Die Trump-Regierung könnte eine Strategie verfolgen, die auf eine pragmatischere Lösung des Ukraine-Konflikts abzielt. Dieser Ansatz würde wahrscheinlich eine Reduzierung der Militärhilfe mit aktiver diplomatischer Vermittlung verbinden, was Trump im Erfolgsfall eine „effektive Lösung“ des Konflikts präsentieren würde. Für die Ukraine und ihre Verbündeten würde diese Strategie jedoch einen erhöhten Druck auf Kiew bedeuten, Kompromisse einzugehen, was die Position des Landes in den Verhandlungen schwächen und das Kräfteverhältnis in der Region verschieben könnte.
Der wichtigste limitierende Faktor: Institutionelle Trägheit oder der Schattenstaat
Der Grund, warum radikale Veränderungen in der US-Außenpolitik unwahrscheinlich sind, liegt in der institutionellen Trägheit des Entscheidungssystems. Die Außenpolitik des Landes ist stark bürokratisiert und kann nicht unabhängig vom Interessenausgleich zwischen verschiedenen Einflussgruppen agieren. Der Präsident verfügt über erhebliche Macht, muss aber bei wichtigen außenpolitischen Entscheidungen den Kongress berücksichtigen. Wie in anderen Bereichen der Entscheidungsfindung ist der Einfluss des Schattenstaats auf die Außenpolitik nach wie vor erheblich.

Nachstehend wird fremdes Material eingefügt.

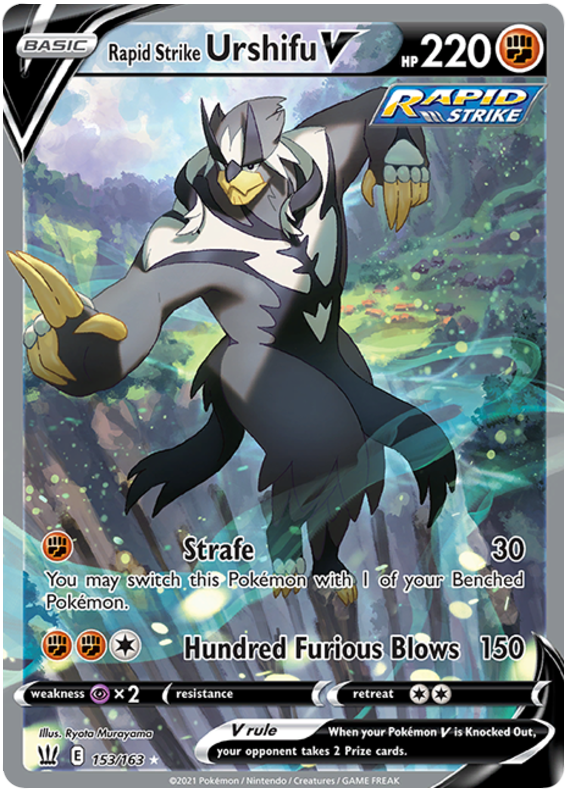 Rapid Strike Urshifu V (153/163) [Sword & Shield: Battle Styles] | Eastridge Sports Cards & Games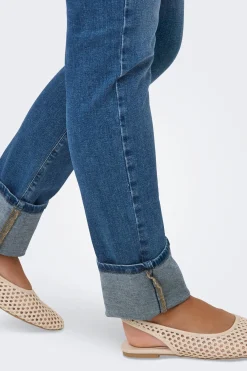 Only Jeans slim bajo vuelto^Mujer Jeans|Pantalones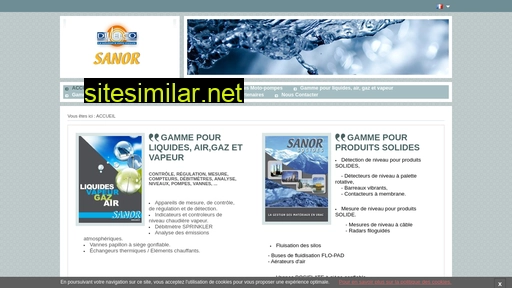 sanor.fr alternative sites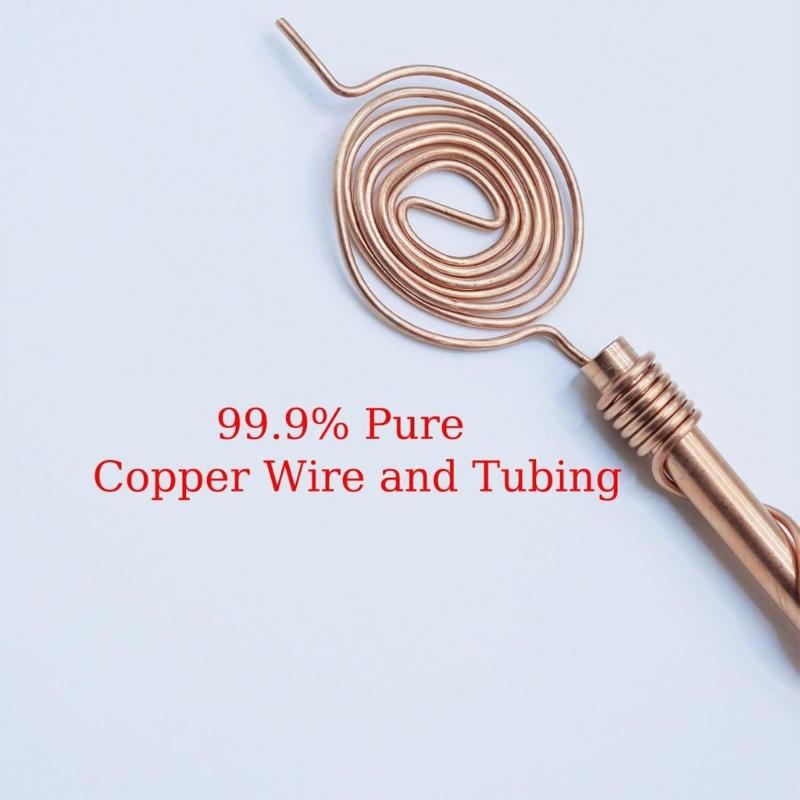 Copper Garden Stakes Coil Electroculture Antennae Plant Pile For Strong Plant And Better Nutrient Uptaking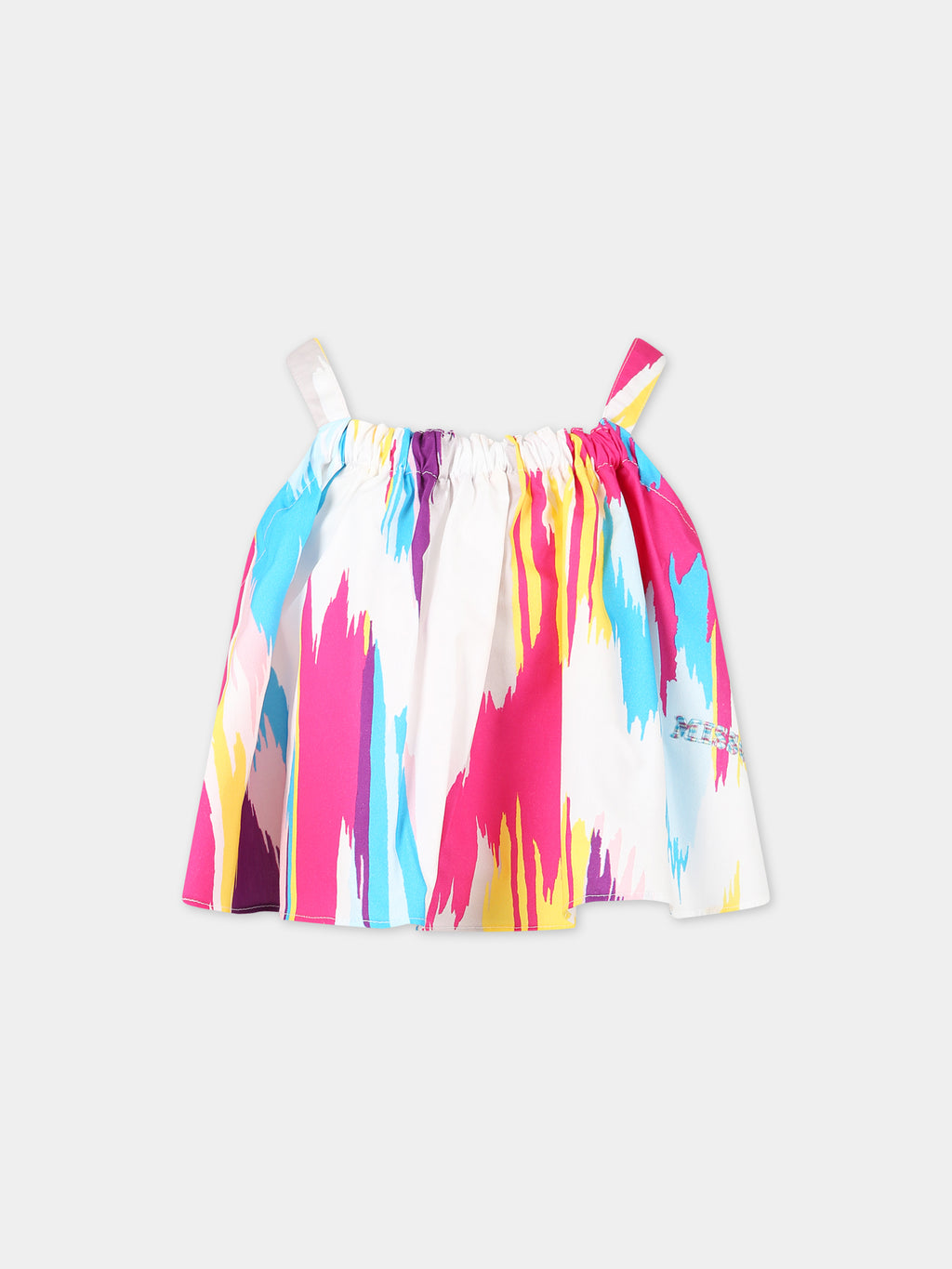 Multicolor top for girl with logo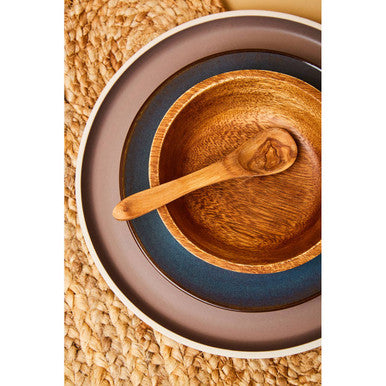 Kora Small Round Bowl In Acacia Wood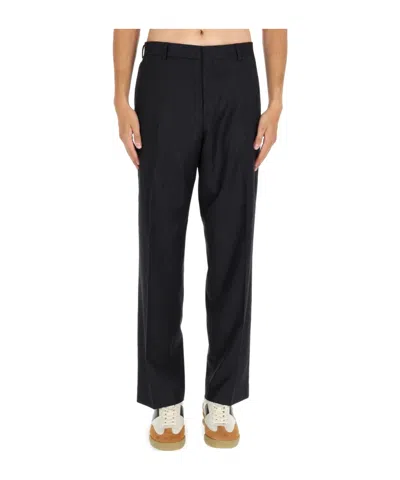 Paul Smith Conceal Fastened Straight-leg Trousers In Gray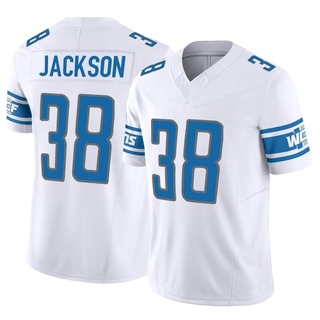 Limited Justin Jackson Men's Detroit Lions Vapor F.U.S.E. Jersey - White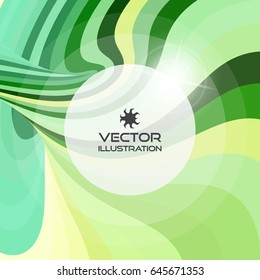 Abstract swirl background. Vector illustration with place for text. 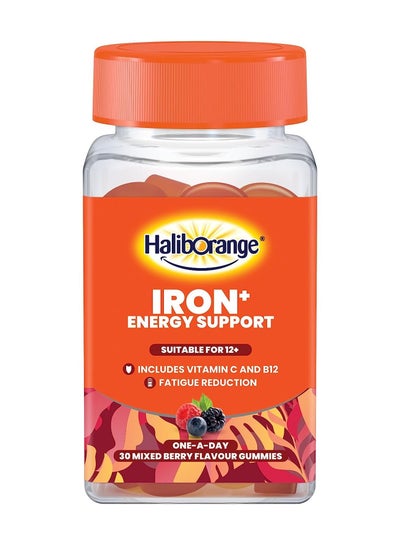اشتري Iron+ Mixed Berry Gummies  Iron Supplement for Adults Energy Support  Immune Health Vegetarian Friendly 30 Gummies في الامارات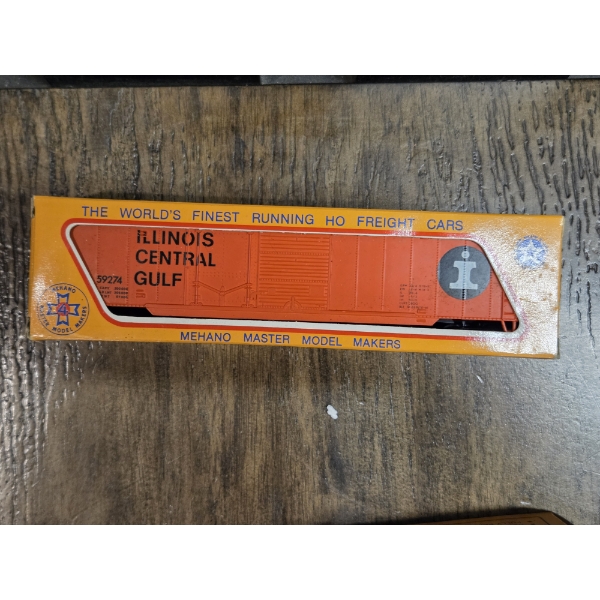 Mehano HO Scale Approximately 8'' Illinois Central Gulf Box Car In Great Condition With Box!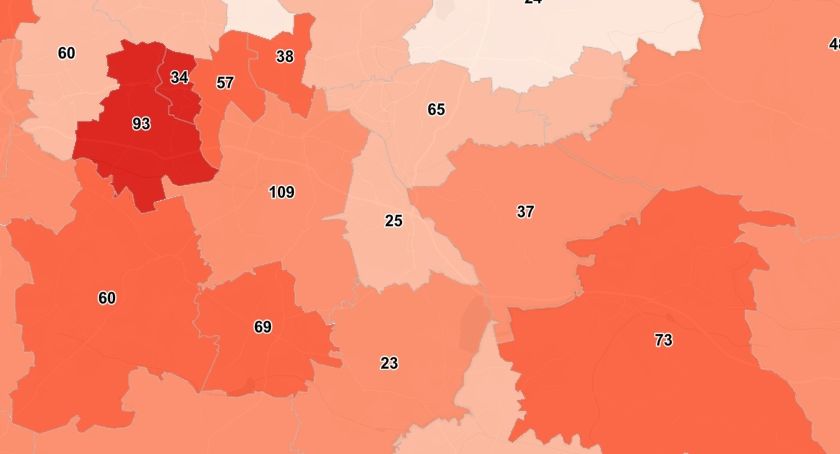 Aktualna sytuacja epidemiologiczna w Mysłowicach - 6 grudnia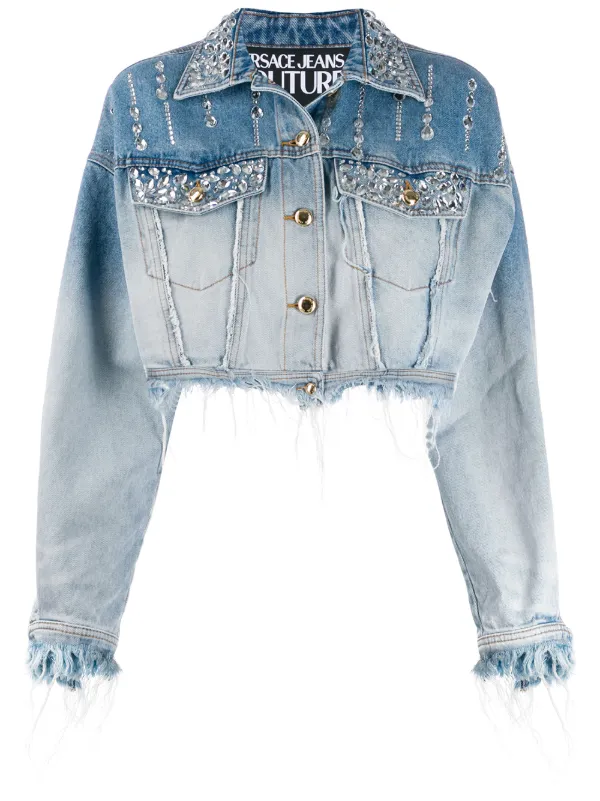 denim jacket rhinestones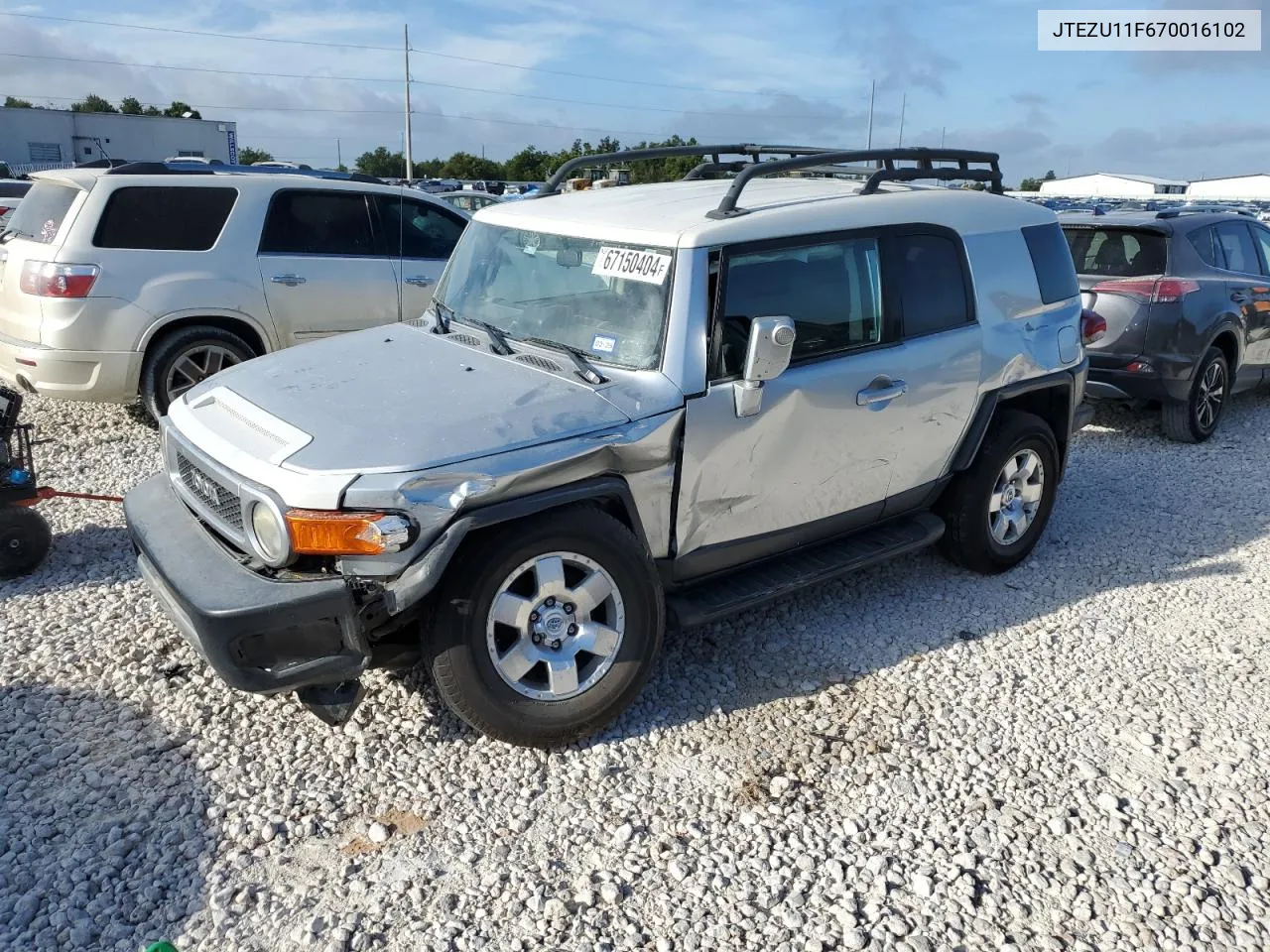 2007 Toyota Fj Cruiser VIN: JTEZU11F670016102 Lot: 67150404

Im Kongress besteht ein parteiübergreifender Konsens in wichtigen Bereichen der amerikanischen Außenpolitik: Eindämmung Russlands und Chinas, Aufrechterhaltung der NATO und Unterstützung Israels. Dieser Konsens lässt nur taktische Anpassungen zu, während die übergreifende Strategie beibehalten wird.
Daher wird eine zweite Amtszeit von Trump wahrscheinlich zu einer pragmatischeren Außenpolitik führen. Seine Regierung würde sich wahrscheinlich auf eine härtere Haltung gegenüber China, eine geringere Unterstützung für die Ukraine, eine Umverteilung der Verantwortlichkeiten innerhalb der NATO und ein geringeres Engagement der USA in globalen Bündnissen und Abkommen konzentrieren.
Diese Veränderungen mögen zwar bedeutsam erscheinen, werden jedoch keine vollständige Umgestaltung der langfristigen außenpolitischen Ausrichtung Washingtons darstellen.